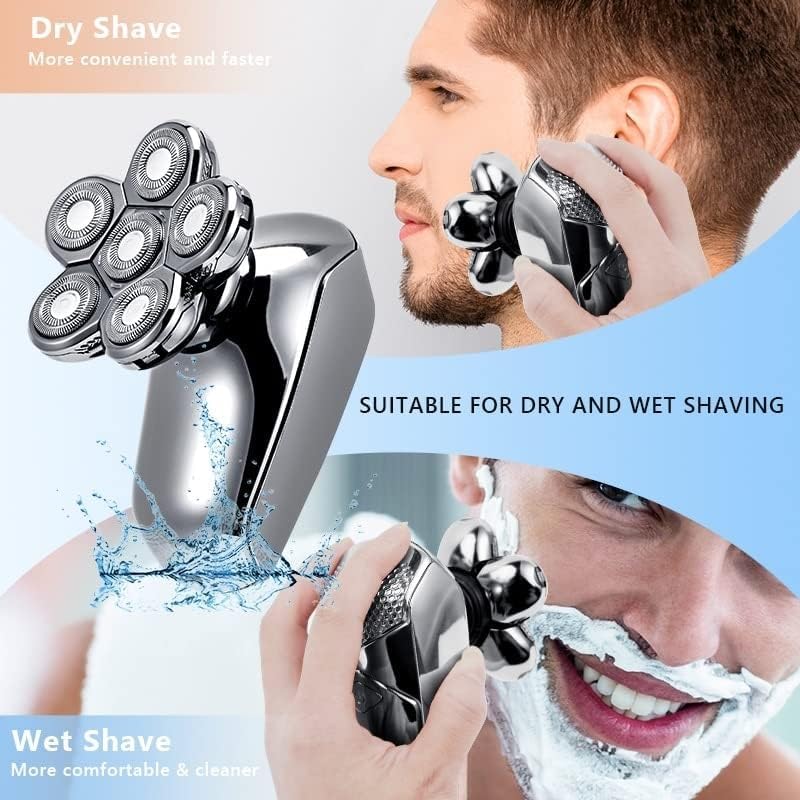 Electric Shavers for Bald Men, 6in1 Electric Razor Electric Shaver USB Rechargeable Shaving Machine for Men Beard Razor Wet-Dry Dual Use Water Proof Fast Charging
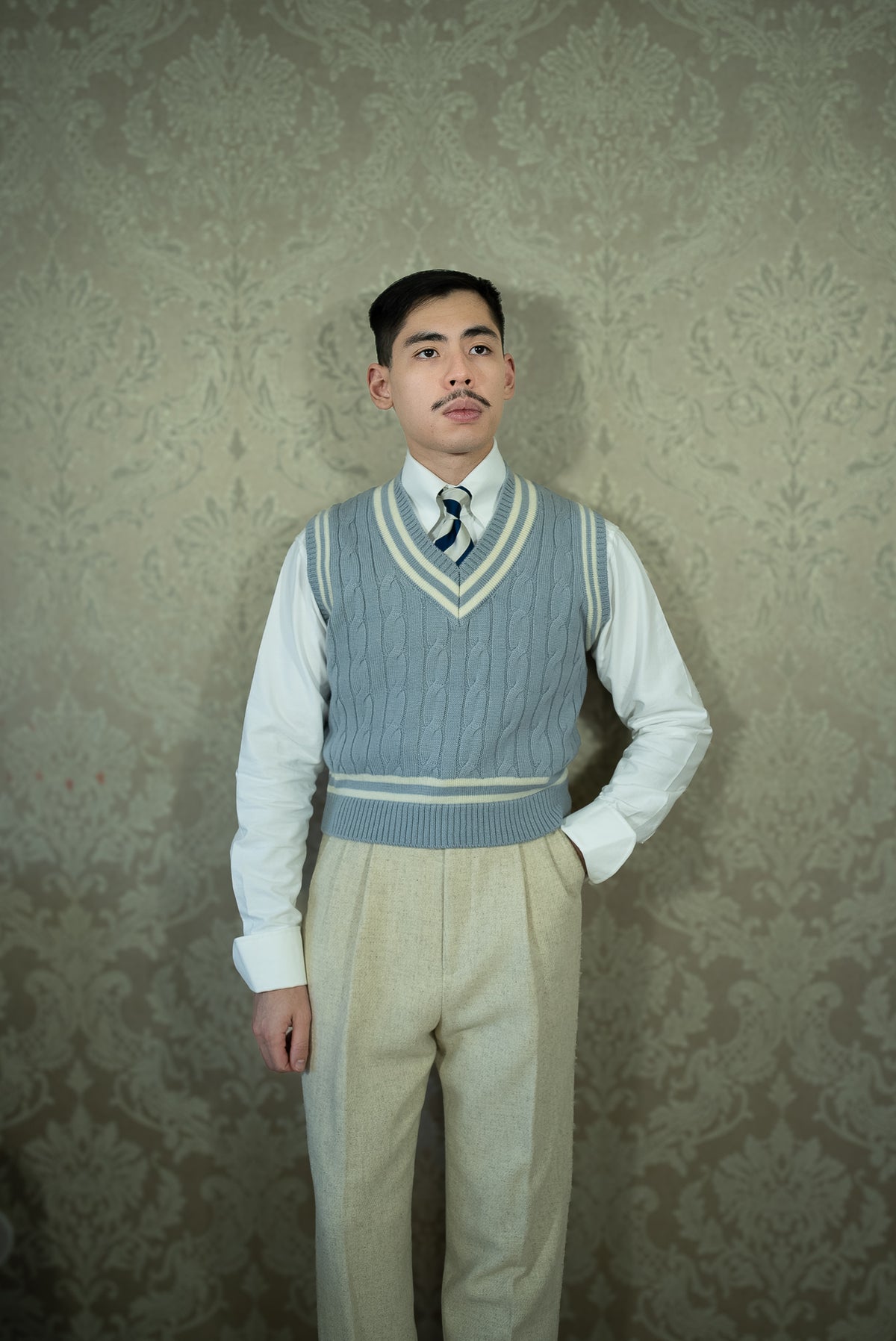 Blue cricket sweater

* * *

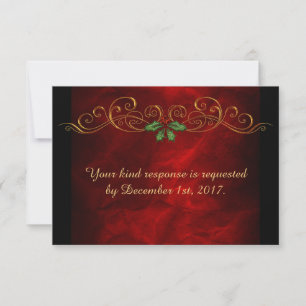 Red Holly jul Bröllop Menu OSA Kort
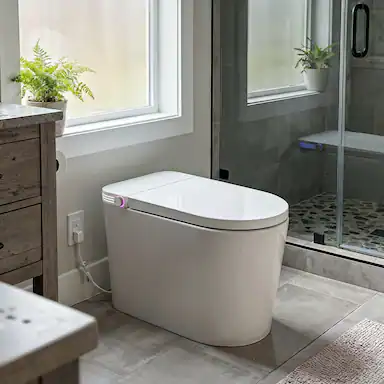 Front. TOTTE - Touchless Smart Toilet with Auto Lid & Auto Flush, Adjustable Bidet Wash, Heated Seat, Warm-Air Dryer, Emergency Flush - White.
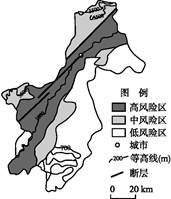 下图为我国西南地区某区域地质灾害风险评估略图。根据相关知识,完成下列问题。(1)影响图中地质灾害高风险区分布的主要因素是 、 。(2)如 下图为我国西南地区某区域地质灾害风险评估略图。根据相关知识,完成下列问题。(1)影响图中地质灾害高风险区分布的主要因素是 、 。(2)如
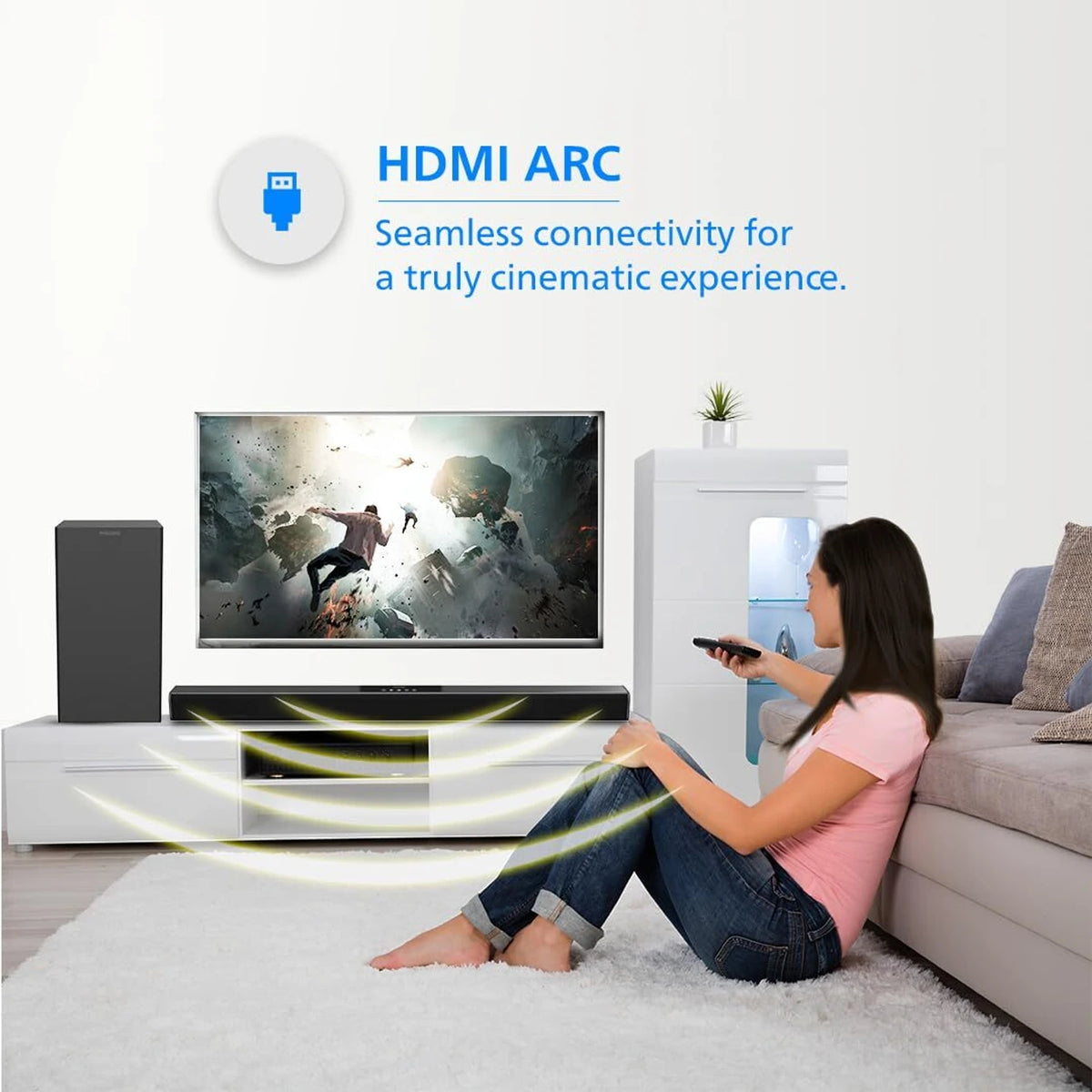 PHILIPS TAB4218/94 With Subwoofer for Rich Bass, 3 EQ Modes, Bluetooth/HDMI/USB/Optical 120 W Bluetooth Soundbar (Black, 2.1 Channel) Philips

#### [Exercise]
Look above for the line with "Electric Shavers for" and the line with "Blue cricket sweater". Give again exactly those two lines and all lines between them, pictures excluded.

#### [Written reply]
 Electric Shavers for Bald Men, 6in1 Electric Razor Electric Shaver USB Rechargeable Shaving Machine for Men Beard Razor Wet-Dry Dual Use Water Proof Fast Charging
 Blue cricket sweater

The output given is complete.